Although it was a positive note to end on, it just wasn't good enough for the Yanks to be satisfied with heading into the knockout phase, where every game will present a larger challenge. 

To be honest, the combination of Michael Bradley and Dempsey up front did not work well. Once again, Bradley's first touch escaped him on numerous occasions, which is why he could not link up with Dempsey, who did not impress one bit in the lone forward role. 

With four days to recover from the loss and prepare for the round of 16 match in Salvador against the top team from Group H, Klinsmann needs to make an adjustment to his lineup, whether he likes the idea or not. 

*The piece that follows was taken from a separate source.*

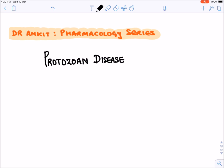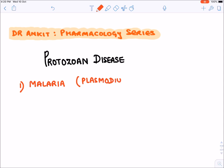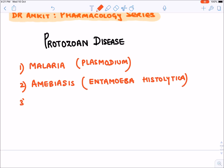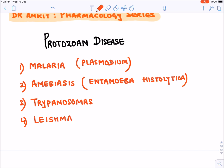Today we will be discussing protozoan diseases - specifically the treatment of malaria, which is caused by a protozoa known as plasmodium. We will also discuss amoebiasis, caused by entamoeba histolytica, then trypanosomiasis, infection caused by leishmania, and finally miscellaneous protozoan infections. Let's start with the first one.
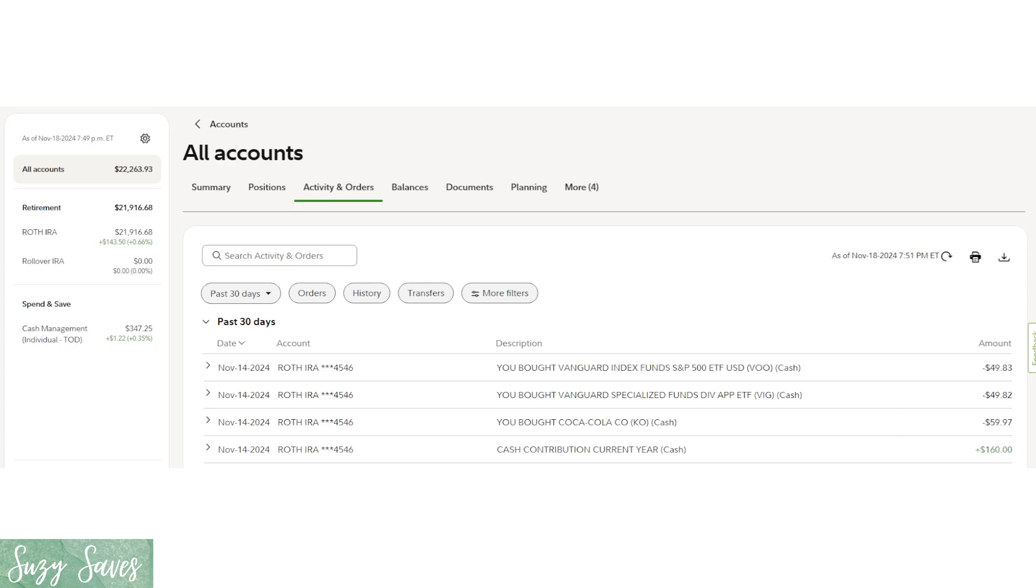$160 contribution on the 14th there. I bought three things: I bought VOO the Vanguard S&P 500, VIG the dividend stock, and then Coca-Cola. So I got $50 of the VOO and $50 of the dividend stock and then $60 of Coke. And that's my $160 I put in this week.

Since the Altidore injury, Chris Wondolowski have not been given much of a chance to show Klinsmann what they are worth. Wondolowski did enter late in the Portugal match, but he was put into the game just to hold up play and waste time, not to create chances. 

Having a poacher like Wondolowski playing up front with Dempsey may be the best option for Klinsmann—that way Dempsey can drop back and receive possession from Bradley and others in the midfield. 

Jun 22, 2014; Manaus, Amazonas, BRAZIL; USA forward Chris Wondolowski moves the ball against Portugal during the 2014 World Cup at Arena Amazonia. The game ended in a 2-2 draw. Mandatory Credit: Mark J. Rebilas-USA TODAY Sports

In his time on the pitch against Ghana, Aron Johannsson failed to do anything alongside Dempsey in place of Altidore, and has since remained on the bench. 

With Wondolowski in the fold, Klinsmann would be smart to take out one of the wingers and let Jermaine Jones drift out to left. 

This is the only realistic option because of how well Jones and Kyle Beckerman have played in the defensive part of the midfield. 

Jones is capable of moving forward on occasion, and he tried to do that in the second half against Germany, but he could not be supplied with a strong pass. 

If Klinsmann wanted to make an extreme shift to his setup, he could select DeAndre Yedlin, who has done well in two substitute appearances, on the right wing in front of Fabian Johnson.

Despite how well he has played in the past two games, Yedlin is still better suited to come off the bench and provide a spark. 

Then, there is the glimmer of hope that somehow Altidore's hamstring is healed enough for Tuesday's match. That is a long shot, given how severely the powerful forward pulled up against Ghana. 

Whatever the solution is to the issue in the American attack, Klinsmann has to find some way to work his magic once again so that the Yanks can have a legitimate chance to advance on to the quarterfinals.